Está nas mãos do juiz Marcello Ferreira Granado, da 7ª Vara Criminal da Justiça Federal do Rio de Janeiro, uma denúncia explosiva contra o Banco Central (BC). O documento chegou às mãos do magistrado em fins de novembro. Pesa sobre a instituição financeira, desta vez, a suspeita de que diretores e funcionários de carreira graduados do BC tenham se unido com o objetivo de tirar proveito de alguns processos de liquidação extrajudicial. O inquérito instaurado pela Polícia Federal do Rio investiga o envolvimento do ex-diretor de Fiscalização Cláudio Mauch, da atual diretora da área, Tereza Grossi, e de quatro funcionários nomeados para cuidar das liquidações dos bancos Vetor e Open, da Astra Distribuidora de Títulos e Valores Mobiliários e da Bell Empreendimentos e Participações Ltda. O delegado federal Deuler da Rocha investiga as práticas de formação de quadrilha, peculato, corrupção passiva e outras irregularidades. “A denúncia trata de atos praticados pela alta cúpula do BC, que teria manipulado as liquidações com o objetivo de conseguir vantagens”, afirma Rocha.

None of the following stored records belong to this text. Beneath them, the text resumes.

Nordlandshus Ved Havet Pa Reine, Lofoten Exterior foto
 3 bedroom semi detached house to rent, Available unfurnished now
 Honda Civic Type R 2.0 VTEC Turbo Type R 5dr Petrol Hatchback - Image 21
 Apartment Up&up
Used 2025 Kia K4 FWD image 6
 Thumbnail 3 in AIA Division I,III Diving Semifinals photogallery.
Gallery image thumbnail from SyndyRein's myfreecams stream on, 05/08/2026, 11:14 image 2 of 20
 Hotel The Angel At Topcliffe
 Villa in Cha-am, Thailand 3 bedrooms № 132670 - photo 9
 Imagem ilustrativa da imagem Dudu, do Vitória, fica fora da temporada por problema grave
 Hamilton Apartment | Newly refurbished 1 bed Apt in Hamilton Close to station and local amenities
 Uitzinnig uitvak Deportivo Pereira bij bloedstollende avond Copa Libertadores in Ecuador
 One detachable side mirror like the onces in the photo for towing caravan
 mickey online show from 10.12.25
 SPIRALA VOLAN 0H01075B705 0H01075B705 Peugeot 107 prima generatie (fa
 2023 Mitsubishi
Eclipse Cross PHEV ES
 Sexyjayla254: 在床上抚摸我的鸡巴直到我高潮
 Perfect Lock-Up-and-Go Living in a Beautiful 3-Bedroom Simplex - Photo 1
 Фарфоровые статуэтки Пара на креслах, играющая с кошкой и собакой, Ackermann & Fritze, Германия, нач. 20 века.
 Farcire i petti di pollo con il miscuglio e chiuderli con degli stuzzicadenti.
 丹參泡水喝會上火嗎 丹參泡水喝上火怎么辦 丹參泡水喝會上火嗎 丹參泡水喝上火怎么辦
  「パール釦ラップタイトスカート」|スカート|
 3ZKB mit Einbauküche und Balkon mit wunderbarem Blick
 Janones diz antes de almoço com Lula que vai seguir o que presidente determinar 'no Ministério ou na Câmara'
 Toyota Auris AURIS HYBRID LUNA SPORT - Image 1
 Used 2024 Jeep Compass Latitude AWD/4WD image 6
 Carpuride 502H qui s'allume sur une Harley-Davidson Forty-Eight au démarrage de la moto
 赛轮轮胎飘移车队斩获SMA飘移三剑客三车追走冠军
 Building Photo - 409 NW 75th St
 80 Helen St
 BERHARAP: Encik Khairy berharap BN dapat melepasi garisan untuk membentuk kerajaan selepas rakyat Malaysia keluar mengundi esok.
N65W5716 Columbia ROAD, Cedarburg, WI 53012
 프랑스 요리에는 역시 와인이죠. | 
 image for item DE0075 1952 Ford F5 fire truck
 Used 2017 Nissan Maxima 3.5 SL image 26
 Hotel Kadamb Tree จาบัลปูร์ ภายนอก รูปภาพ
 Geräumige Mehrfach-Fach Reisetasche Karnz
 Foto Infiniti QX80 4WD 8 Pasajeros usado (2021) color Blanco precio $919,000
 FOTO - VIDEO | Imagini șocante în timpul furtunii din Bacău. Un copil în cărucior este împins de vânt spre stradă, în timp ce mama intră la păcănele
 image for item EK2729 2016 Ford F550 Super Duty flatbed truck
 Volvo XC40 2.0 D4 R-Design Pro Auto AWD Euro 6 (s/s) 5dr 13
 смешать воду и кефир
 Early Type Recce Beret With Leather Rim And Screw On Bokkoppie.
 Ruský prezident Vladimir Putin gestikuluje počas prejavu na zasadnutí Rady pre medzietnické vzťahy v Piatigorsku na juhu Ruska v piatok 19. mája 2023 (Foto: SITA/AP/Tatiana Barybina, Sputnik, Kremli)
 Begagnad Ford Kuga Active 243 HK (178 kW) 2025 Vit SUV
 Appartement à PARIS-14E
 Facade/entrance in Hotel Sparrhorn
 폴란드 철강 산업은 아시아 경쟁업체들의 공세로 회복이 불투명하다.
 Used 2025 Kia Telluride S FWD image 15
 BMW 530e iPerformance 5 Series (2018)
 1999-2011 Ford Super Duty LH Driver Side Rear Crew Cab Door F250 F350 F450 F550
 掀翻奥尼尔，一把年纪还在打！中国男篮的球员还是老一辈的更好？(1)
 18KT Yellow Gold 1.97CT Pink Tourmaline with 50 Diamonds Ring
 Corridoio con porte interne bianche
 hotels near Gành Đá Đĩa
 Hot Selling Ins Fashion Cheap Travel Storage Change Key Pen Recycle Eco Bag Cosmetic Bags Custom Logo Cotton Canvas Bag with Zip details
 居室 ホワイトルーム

Nomeado pelo BC, o liquidante tem como missão sanear a instituição financeira que foi à bancarrota. O problema é que, em alguns casos, as liquidações têm criado mais prejuízos do que soluções. Isso teria acontecido nos casos denunciados, encaminhados ao procurador-geral da República, Geraldo Brindeiro. Em uma carta com quatro páginas, o denunciante – não identificado pela PF – fez várias acusações que envolvem dirigentes do BC em irregularidades. A mais grave é a de que Mauch teria criado “uma empresa encarregada de cobrar créditos de difícil liquidação, titulados por instituições financeiras em regime de liquidação extrajudicial”. Mauch nega a acusação e diz que sua empresa, a Quantum Consultoria, oferece serviços para a área financeira, não incluindo entre seus clientes instituições liquidadas. “Não tenho nada a esconder. Tudo o que fiz nos meus 20 anos de carreira como funcionário público está registrado no BC”, afirma. Mesmo assim, a denúncia atiçou o deputado petista Aloízio Mercadante (SP). “Seria no mínimo antiético que um funcionário com informações estratégicas venha a usá-las para obter lucros. Vamos apurar o caso”, anunciou Mercadante.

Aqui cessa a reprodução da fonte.